The government of Pennsylvania has a message for businesses operating in the Keystone State: If a company wants to do business with Iran, business with the commonwealth will not be so easy.
That’s the mandate of the newly enacted Iran Free Procurement legislation sponsored by state House Democratic Caucus Chairman Dan Frankel of Allegheny County. HB 201, a bill prohibiting companies that invest in Iranian energy-related activities from entering into certain procurement contracts in Pennsylvania, became law on Tuesday, when it was signed by Republican Gov. Tom Corbett.
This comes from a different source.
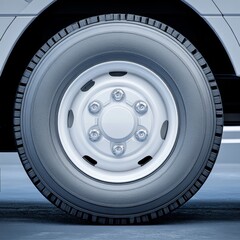 Fototapeta premium Truck Tire Detail: A close-up view of a heavy-duty tire on a truck, showcasing its tread pattern and robust construction.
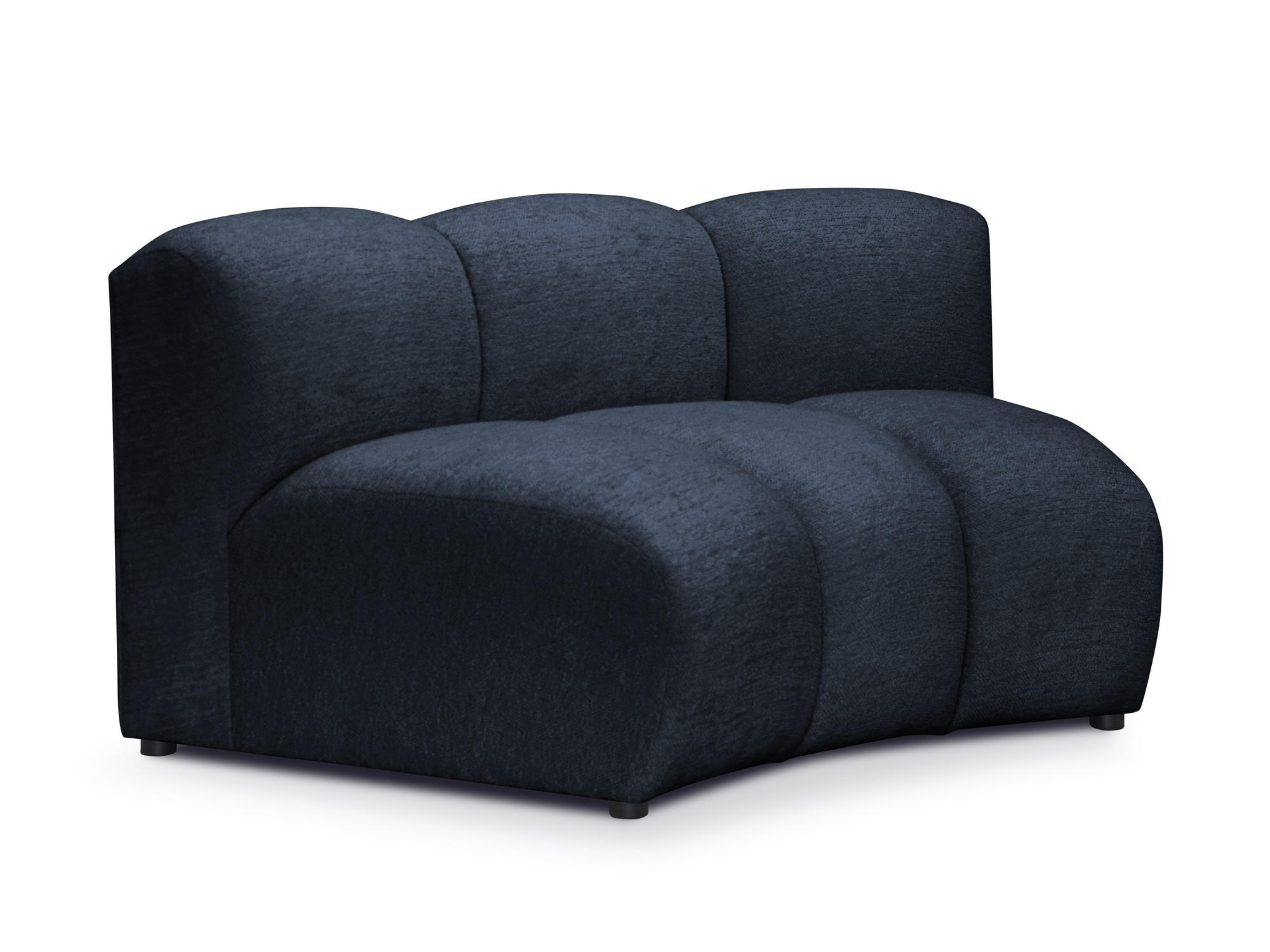 SOFAELEMENT Chenille Stoff Blau - Blau/Schwarz, Holzwerkstoff/Kunststoff (147/70/89cm) - Makamii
It had won passage in the General Assembly last week, when the House and the Senate agreed to a marked-up version of the bill.
The new law bars any company that invests more than $20 million in any Iranian energy-related activities from entering into a state procurement contract worth more than $1 million through the Pennsylvania Department of General Services.
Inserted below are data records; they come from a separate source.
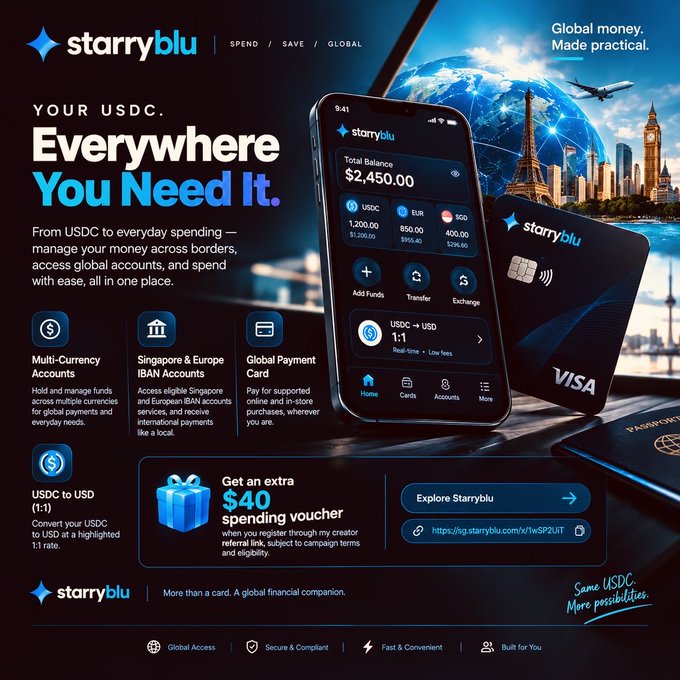A promotional graphic for Starryblu shows a smartphone displaying a USDC balance of $2,450.00, alongside a Visa card, global landmarks, and the headline “Your USDC. Everywhere You Need It.” It highlights multi-currency accounts, global payment cards, USDC-to-USD conversion, and a “$40 spending voucher” offer, illustrating how the service could simplify everyday purchases from a USDC balance.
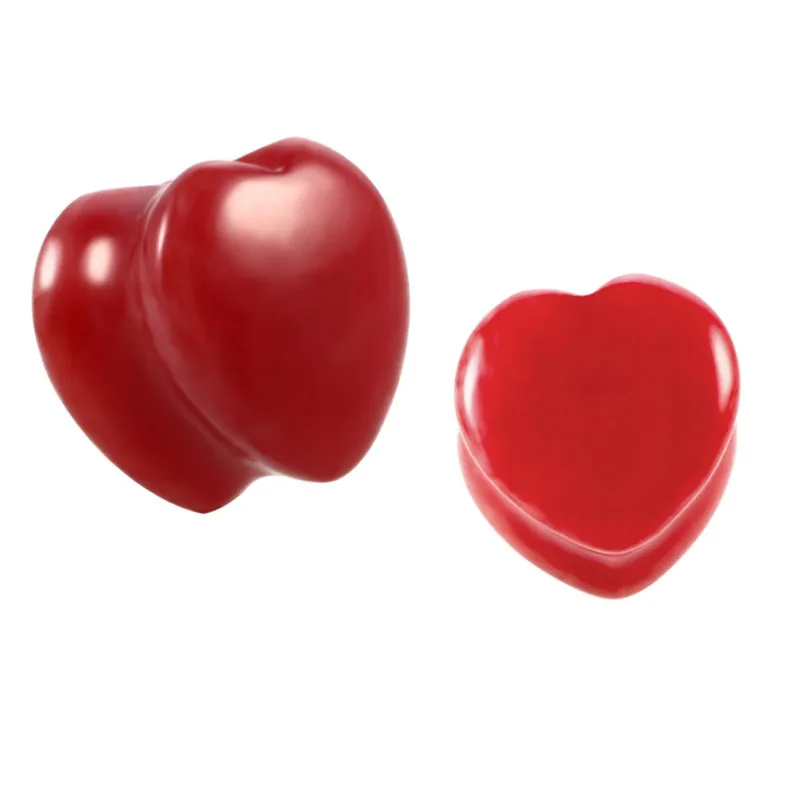 Arylic Love Heart Ear Plugs And Tunnels For Women Fashion Jewelry Double Flared Expander Ear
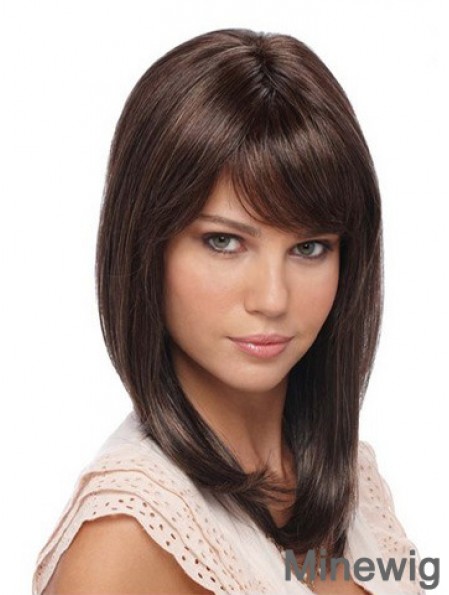 Straight With Bangs Shoulder Length Brown Cheapest Lace Front Wigs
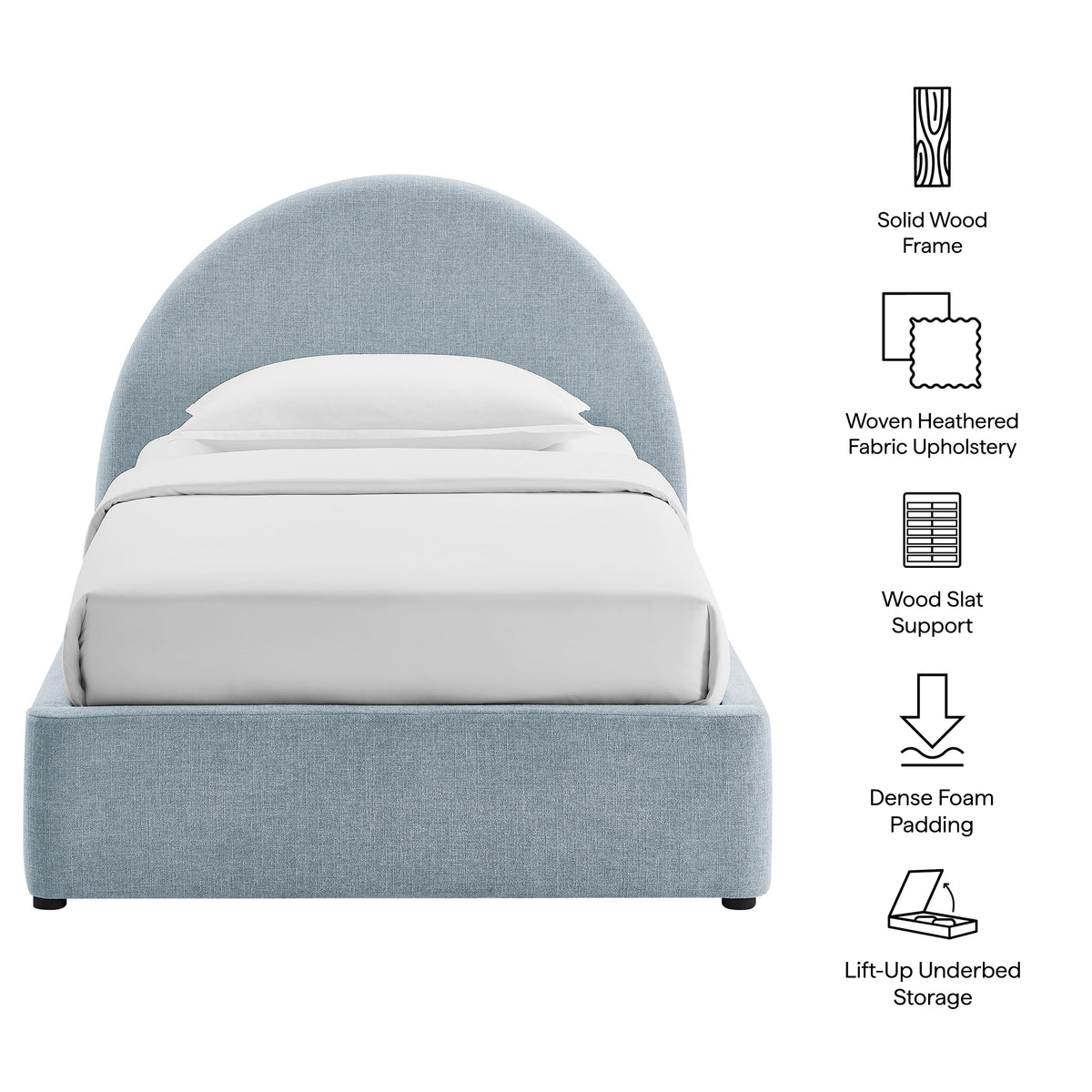 Resort Arched Upholstered Fabric Storage Platform Bed Frame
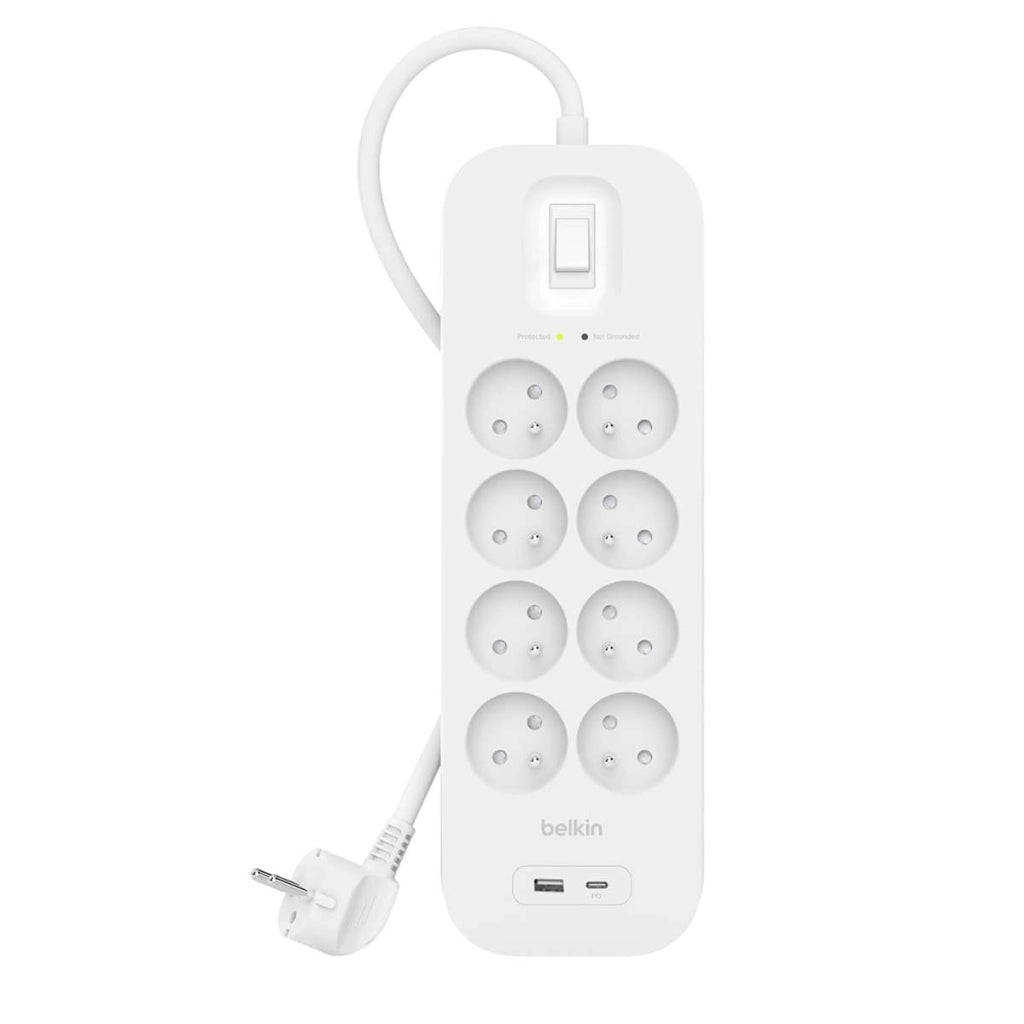 Multipresa Protezione Sovratensioni 8 Prese Tipo E USB-C / USB-A Cavo 2m Bianco Belkin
Similar laws have been enacted in several other states, including California, Indiana, Maryland, and Florida, according to Hank Butler, executive director of the Pennsylvania Jewish Coalition, which worked with Frankel on the legislation.
“We look at this as the next step in our terror-free investing,” Butler said, a continuation to the 2010 passage of a law prohibiting the commonwealth from investing in companies doing business with Iran and Sudan. That law has proven to be an effective means of curtailing business dealings with countries that sponsor terrorism, according to Frankel.
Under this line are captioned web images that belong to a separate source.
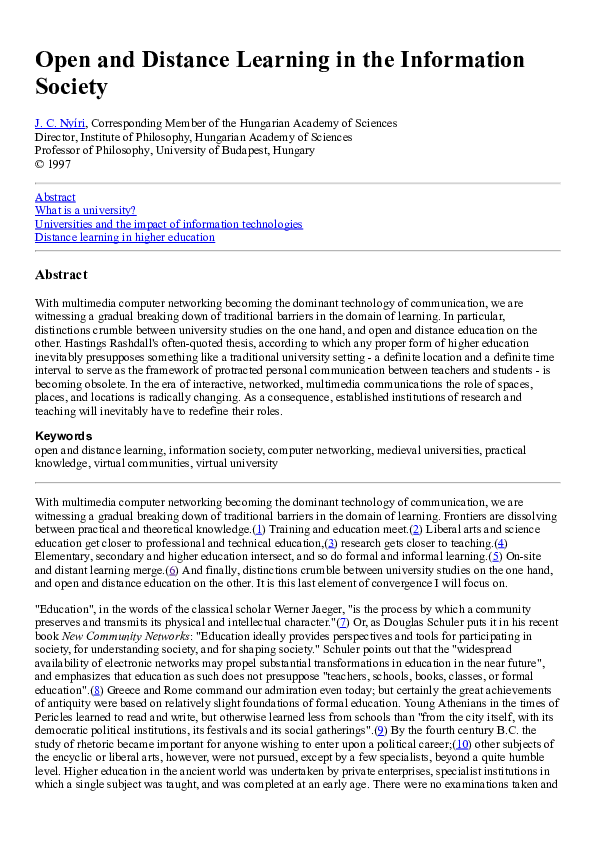 (PDF) Open and Distance Learning in the Information Society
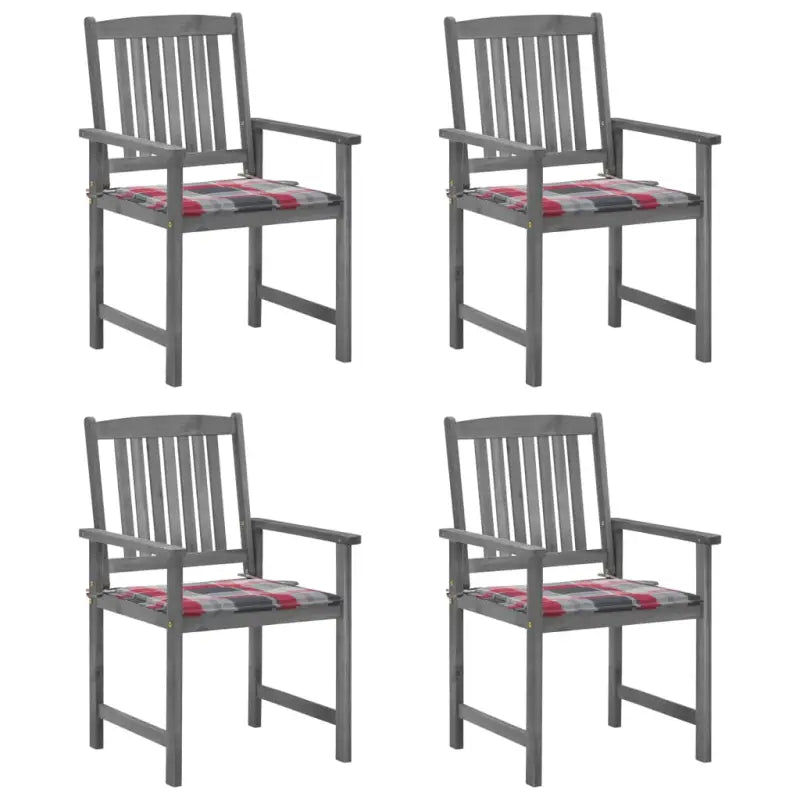 Tuinstoelen van massief acaciahout voor een rustieke buitenruimte - Rood ruitpatroon / 4 - Tuinstoelen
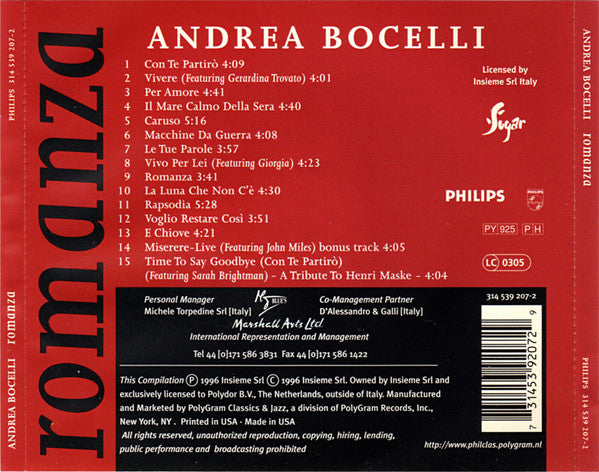 Andrea Bocelli : Romanza (CD, Comp)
The new law “is the second part of a two-stage plan for Pennsylvania to take a stand against Iran,” Frankel said in a prepared statement. “In 2010, we passed Act 44, which requires the four state retirement funds — PSERS, SERS, PMRS and the Treasurer’s Office — to divest from companies doing business with Iran or Sudan. A report last year from the state Treasurer’s Office shows that almost 25 companies have ceased business with Iran as a result of Act 44.”
Under the new legislation, DGS is mandated to keep and maintain a list of companies that invest $20 million in Iran’s energy sector and to post this information on its website.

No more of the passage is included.